In diese Zeit fiel auch der erste Kontakt mit dem Institut, das er heute leitet: Sein Doktorvater empfahl ihn, als das Institut für Ökumenische Forschung in Straßburg einen Mitarbeiter suchte. "1994 habe ich dort begonnen", erinnert sich Theodor Dieter. In der ersten Zeit pendelte er zwischen Straßburg und Böblingen, wo er mit seiner Familie lebte, hin und her. Schließlich zog die Familie nach Kehl. "Ich dachte, es sei einfacher, wenn wir auf der deutschen Seite bleiben", sagt er schmunzelnd. Er lebt mit seiner Frau im ehemaligen katholischen Pfarrhaus St. Maria. "Wir haben ein sehr freundschaftliches Verhältnis mit der katholischen Gemeinde. Wir gehen dort auch in den Gottesdienst."
Der Dialog steht im Mittelpunkt der Arbeit
Das Institut für Ökumenische Forschung wird vom lutherischen Weltverband unterhalten. "Unsere Forschungsarbeit beschäftigt sich mit allen christlichen Kirchen: Katholiken, Baptisten, Mennoniten, Anglikaner, Orthodoxe", erklärt Dieter. "Man muss wissen, was der andere denkt, damit man sich nicht auf seine Vorurteile beschränkt." Dass die über Bord geworfen werden, dafür sorgt die Arbeit des Institutes. Als Beispiel nennt Dieter die Vorbereitung für die Aussöhnung zwischen der lutherischen Kirche und den Mennoniten. "Die sogenannten Täufer wurden im 16. Jahrhundert in Deutschland verfolgt, auch von lutherischen Städten und Fürsten", erläutert Dieter die komplizierte Materie.
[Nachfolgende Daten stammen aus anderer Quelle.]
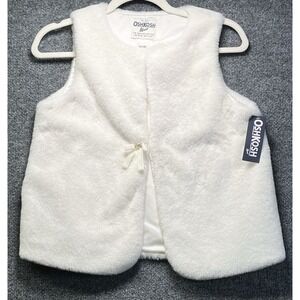 OshKosh Bgosh Faux Fur Vest Girls Youth Size 14 14A White NWT Lined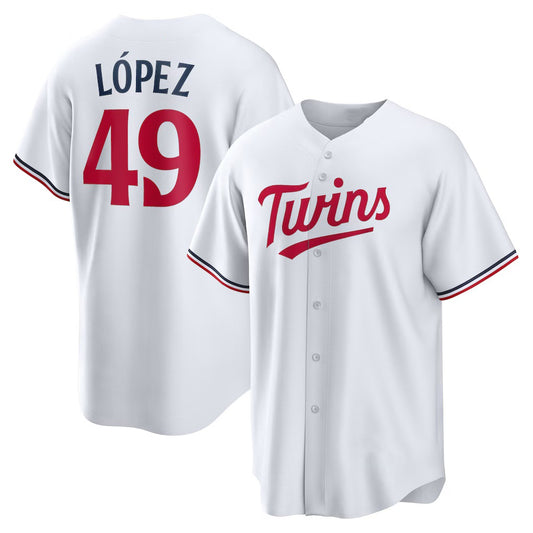 Minnesota Twins #49 Pablo L¨®pez White RONA Home Replica Player Jersey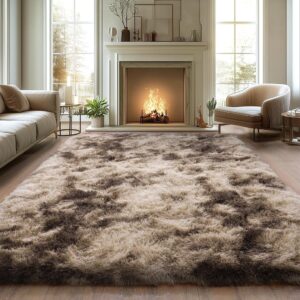 Tapete Sofá Provador Quarto Peludo 195 X 240 Cm Antiderrapante Ins Mesclado Shaggy - Marrom Meclado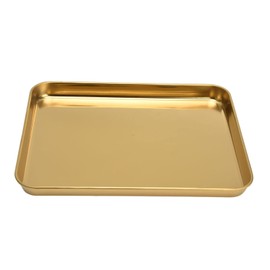 Gold Serving Trays, Rectangular Gold Tray Decorative Serveware Platter Stainless Steel Food Serving Tray Makeup Cosmetic Organizer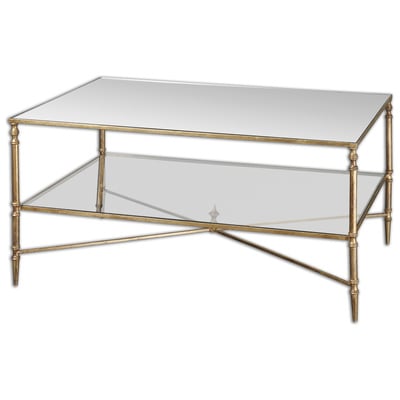 Uttermost Coffee Tables, gold, , Glass,Metal,Iron,Steel,Aluminum,Alu+ PE wicker+ glass, Complete Vanity Sets, Matthew Williams, Metal, Mirror & Tempered Galss, Accent Furniture, Cocktail & Coffee Tables, 792977242766, 24276,Standard (14 - 22 in.)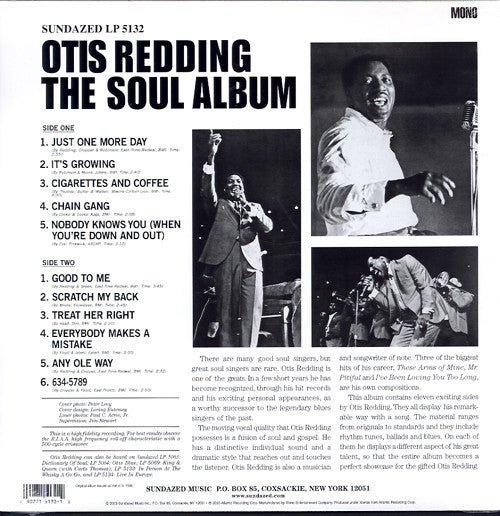 OTIS REDDING (オーティス・レディング)  - The Soul Album (US サンデイズド社限定復刻再発「HQ＝高音質」180g モノラル LP/New) '66年4作目アルバム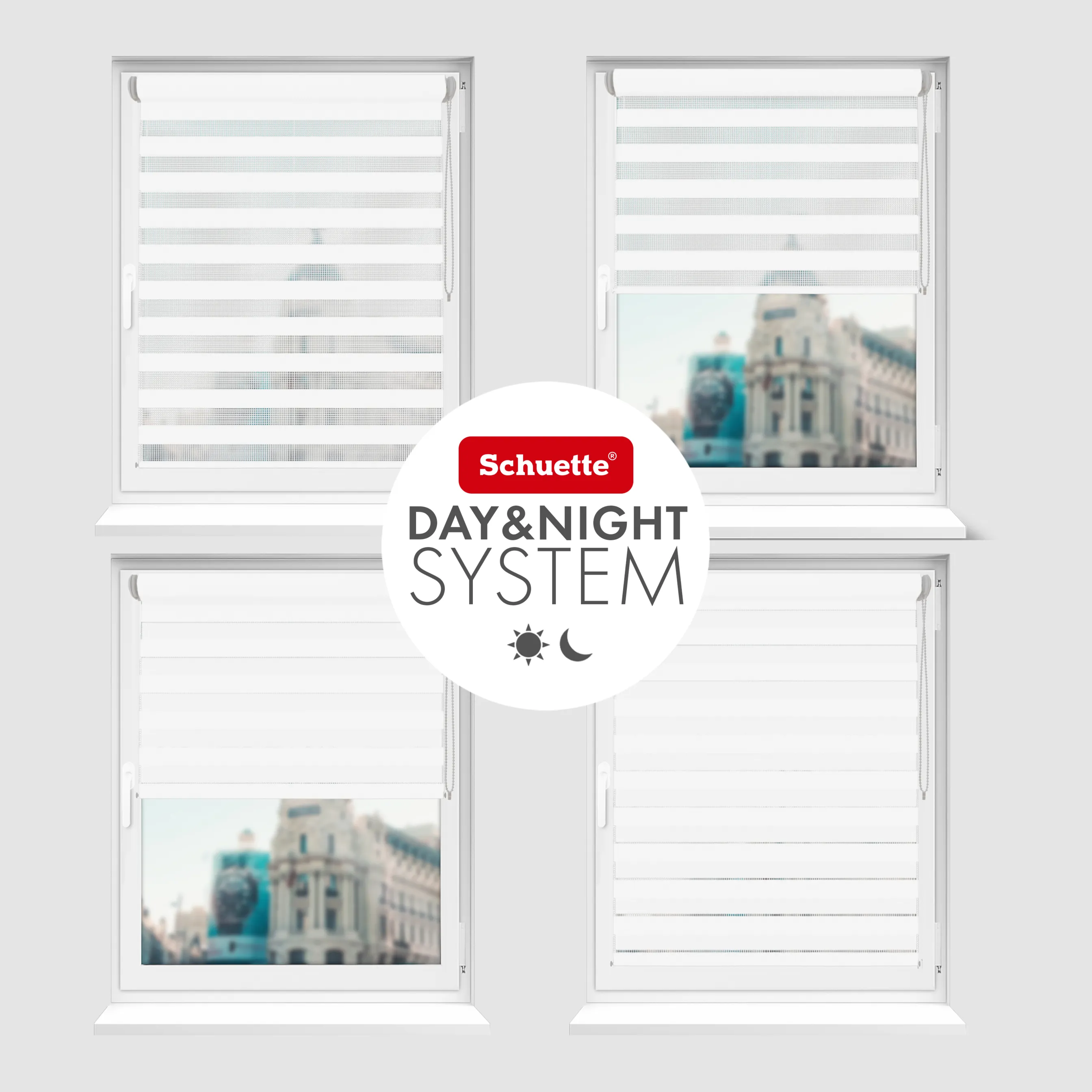Schuette® Tag und Nacht Rollo ohne Bohren & mit Bohren 2in1 nach Maß • Doppelrollo Kollektion: White Snow (Weiß) • Profilfarbe: Schwarz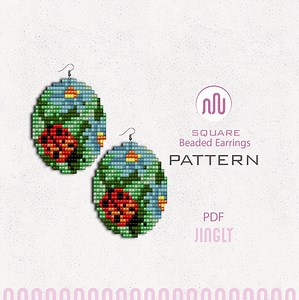 Ladybug Beaded Earrings Pattern, Lucky Red Bug Miyuki Square Stitch, Insect Beadwork Scheme, Nature Jewelry DIY, Digital PDF Download - Etsy Canada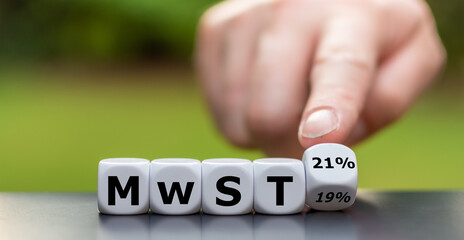 Symbolbild zur möglichen Erhöhung der Mehrwertsteuer in Deutschland von 19 % auf 21 % – Konzept für Steuerpolitik, Inflation und steigende Verbraucherpreise 2026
Das Ergebnis von fünf intensiven Forschungsjahren: die erste gemeinschaftliche Geschichtsdarstellung der Ereignisse und die Bitte um Vergebung für diese Zeit von Seiten der lutherischen Kirche. "Das hat den Mennoniten viel bedeutet", sagt Dieter am Ende schlicht.
Auch mit der katholischen Kirche setzen er und die anderen Mitarbeiter des Institutes sich auseinander – gerade jetzt im Jubiläumsjahr "500 Jahre Reformation", das am 31. Oktober endet. "Wir haben daran gearbeitet, wie die beiden großen christlichen Kirchen dieses Jubiläum gemeinsam feiern können", so Dieter. Keine leichte Aufgabe, denn dieses Datum steht für Katholiken für die Teilung der Kirche, während es für evangelische Christen die Wiederentdeckung des Glaubens symbolisiert. "Am Ende haben wir es geschafft, dass am 26. Oktober 2016 ein gemeinsamer Gottesdienst mit Papst Franziskus abgehalten wurde", ist Theodor Dieter stolz auf diese Leistung.
Er selbst hielt bereits einen Vortrag im italienischen Sommersitz der Päpste, dem Castel Gandolfo: "Das ist schon toll, wenn der Papst eine halbe Stunde zuhört." Am 18. November wird ihm, dem evangelischen Theologen, der "Ratzinger-Preis 2017" durch den Vatikan verliehen. "Das ist wirklich etwas Besonderes," freut er sich über die Anerkennung seiner Arbeit für den Dialog zwischen den christlichen Kirchen.